The Smart City Wien framework strategy is a comprehensive and long-term approach with concrete sub-projects that will be implemented effectively in short and long timeframes. These sub-projects are linked to the strategy framework broadly as depicted in the following diagram (Framework Strategy):

Smart City Wien – Components

Together with the aspects of resource conservation, development in innovation and improving quality of life, concrete details are laid down for each of these aspects and each aspect is hence subsumed under its overarching goal that is to be attained by means of thematic target projects governed by the municipality of Vienna (Schmid).

Implementation Process

The smart city framework is implemented in two ways – first, it outlines policies with dedicated resources and second, it connects the various organisational units of the city, strengthening co-operation within and outside the municipal administration (Framework Strategy). City of Vienna, over the course of time will take the following steps as a part of the implementation process of Smart City Wien (Framework Strategy):

  1. Establishment of lighthouse project to pave the way for numerous follow-up projects.
  2. Inclusion of citizens and experts in decision-making process through direct interpersonal contact and through
    media/internet.
  3. Training, recruitment and knowledge management of employees in Vienna City Administration through human resource development.
  4. Promotion and branding of Smart City Wien Strategy Framework through strong and steady communication,
    constant information exchange and dialogue with the stakeholders and public.
  5. Solicitation and consultation from partners in corporate sector, ministries, other European metropolises to strengthen smart city objectives.

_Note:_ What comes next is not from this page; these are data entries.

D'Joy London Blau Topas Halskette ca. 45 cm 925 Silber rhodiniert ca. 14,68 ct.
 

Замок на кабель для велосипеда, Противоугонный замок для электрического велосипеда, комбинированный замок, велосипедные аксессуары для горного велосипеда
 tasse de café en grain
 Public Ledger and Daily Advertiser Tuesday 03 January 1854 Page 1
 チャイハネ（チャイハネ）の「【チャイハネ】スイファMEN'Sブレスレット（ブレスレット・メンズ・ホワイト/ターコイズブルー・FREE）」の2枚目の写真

Monitoring of the Implementation Process

A set of indicators or benchmark have been established to help monitor the implementation and functioning of Smart City Wien Framework. These indicators comprise of status, target and policy benchmarks. They will measure the efficiency and performance of the three key objectives of the framework at regular intervals. This will be done through mandatory data assessment and analysis.

Conclusion

The framework applies to the existing city fabric, acknowledges the ongoing development strategies. It forms a comprehensive approach to smart development. Vienna’s Smart City Framework builds its objectives by leveraging the on-going interventions and strategies. It reinforces them for faster and more efficient implementation. It also ensures cooperation and strengthen the ties between policies and organisational units at the city and national level. Indian Smart cities have the opportunity to adopt a similar approach through convergence as advocated under the New Urban Agenda.